# Record excerpts:
-------
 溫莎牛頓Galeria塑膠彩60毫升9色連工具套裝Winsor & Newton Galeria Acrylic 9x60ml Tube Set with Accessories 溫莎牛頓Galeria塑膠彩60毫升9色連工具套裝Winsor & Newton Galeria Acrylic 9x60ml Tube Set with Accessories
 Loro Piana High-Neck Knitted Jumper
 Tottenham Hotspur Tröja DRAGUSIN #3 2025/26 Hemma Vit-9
-------
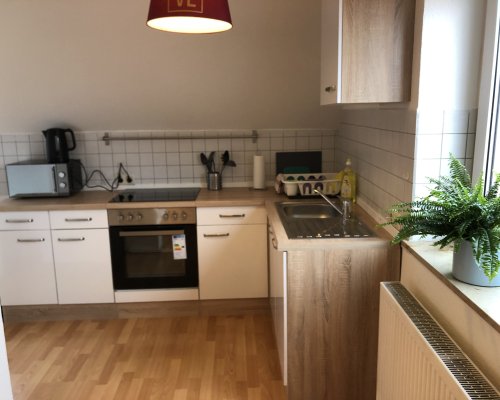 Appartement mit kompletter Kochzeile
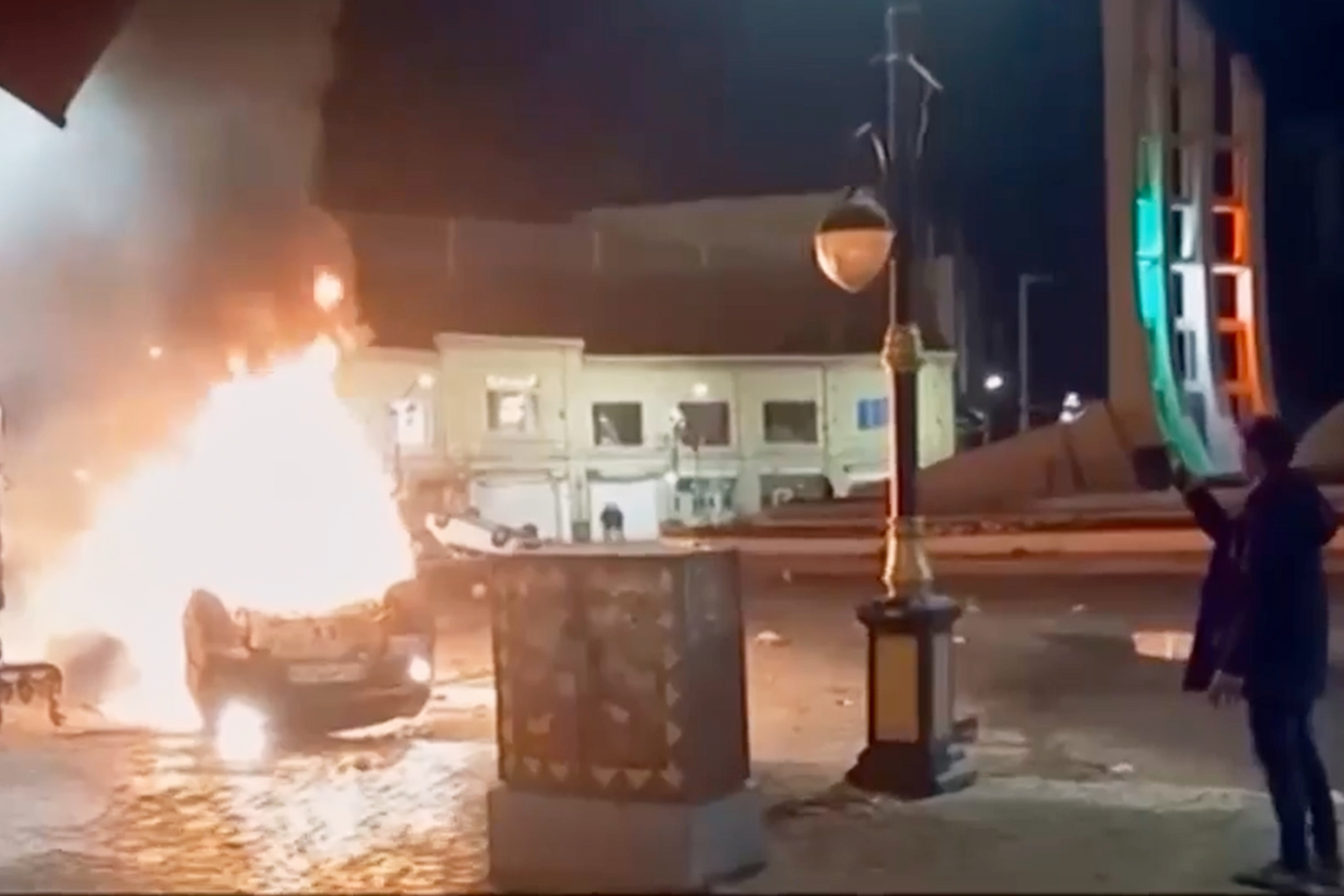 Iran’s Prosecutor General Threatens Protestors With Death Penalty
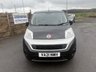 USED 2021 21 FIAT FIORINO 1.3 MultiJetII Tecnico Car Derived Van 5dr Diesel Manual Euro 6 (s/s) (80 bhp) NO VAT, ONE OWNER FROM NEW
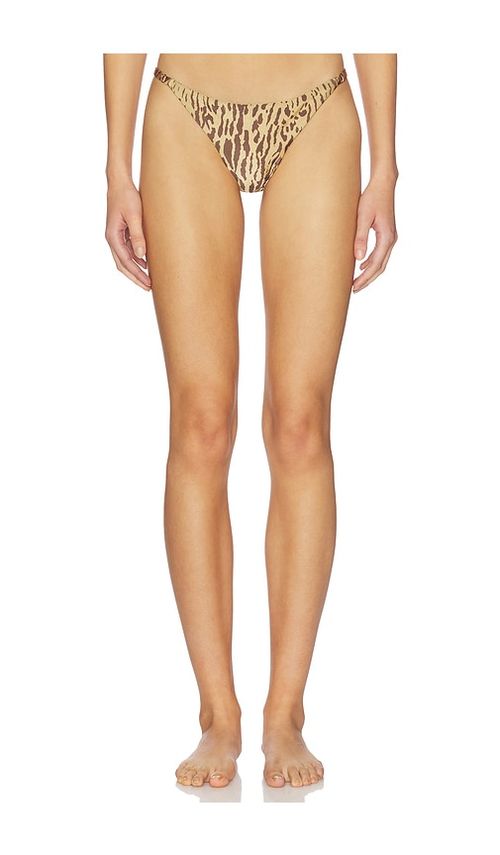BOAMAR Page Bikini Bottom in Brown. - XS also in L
-------
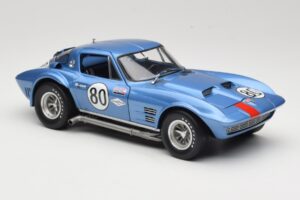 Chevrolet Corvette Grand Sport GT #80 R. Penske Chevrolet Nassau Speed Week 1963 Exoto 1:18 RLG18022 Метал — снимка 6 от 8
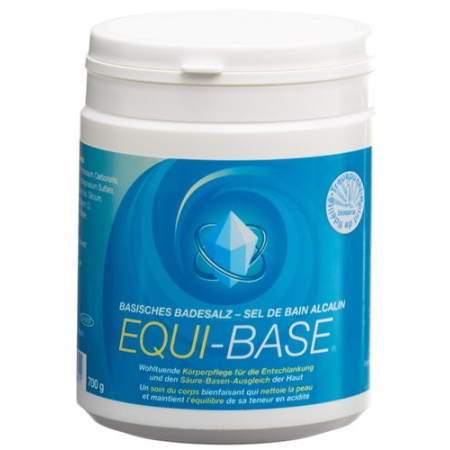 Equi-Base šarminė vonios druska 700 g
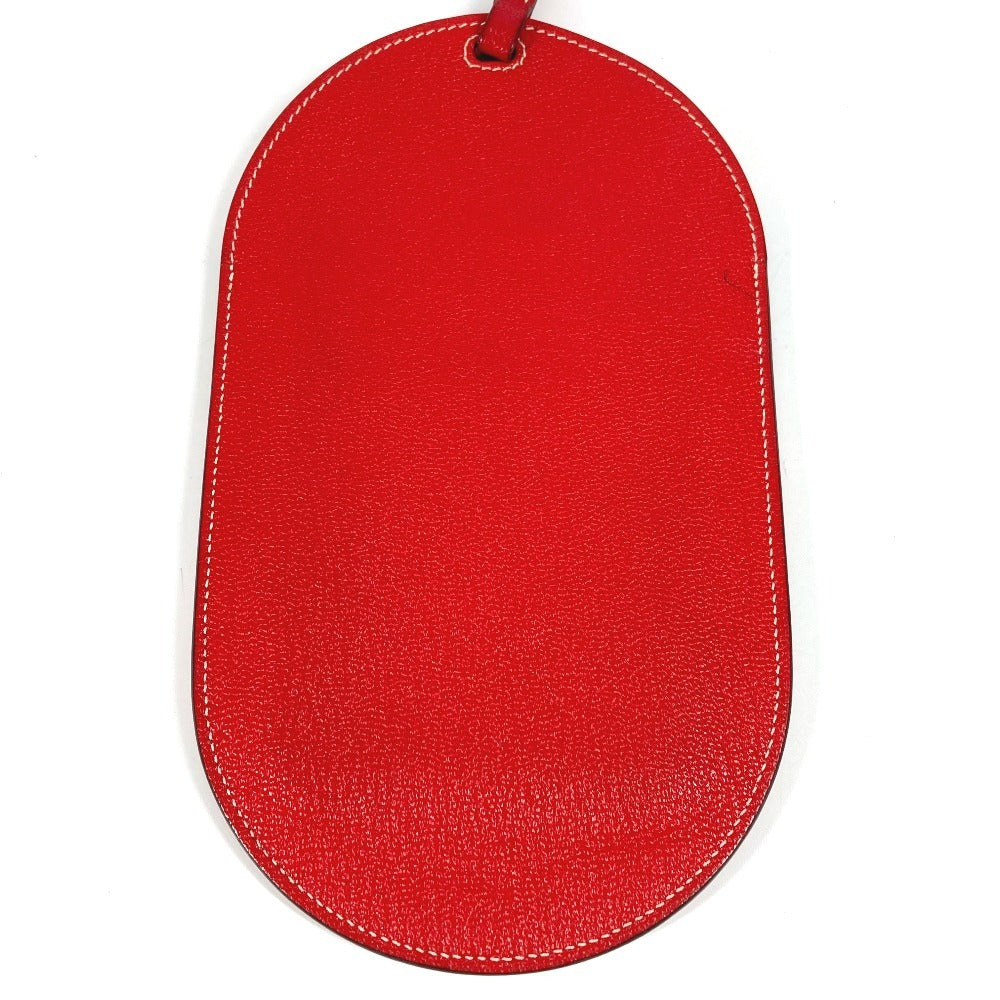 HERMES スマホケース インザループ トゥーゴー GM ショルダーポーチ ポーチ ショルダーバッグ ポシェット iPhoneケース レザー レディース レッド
-------
# Problem to solve:
Proceeding from the line containing "with Accessories 溫莎牛頓Galeria塑膠彩60毫升9色連工具套裝Winsor" through the line containing "Tottenham Hotspur Tröja", transcribe the lines above exactly, both end lines included.

# Your solution:
 溫莎牛頓Galeria塑膠彩60毫升9色連工具套裝Winsor & Newton Galeria Acrylic 9x60ml Tube Set with Accessories 溫莎牛頓Galeria塑膠彩60毫升9色連工具套裝Winsor & Newton Galeria Acrylic 9x60ml Tube Set with Accessories
 Loro Piana High-Neck Knitted Jumper
 Tottenham Hotspur Tröja DRAGUSIN #3 2025/26 Hemma Vit-9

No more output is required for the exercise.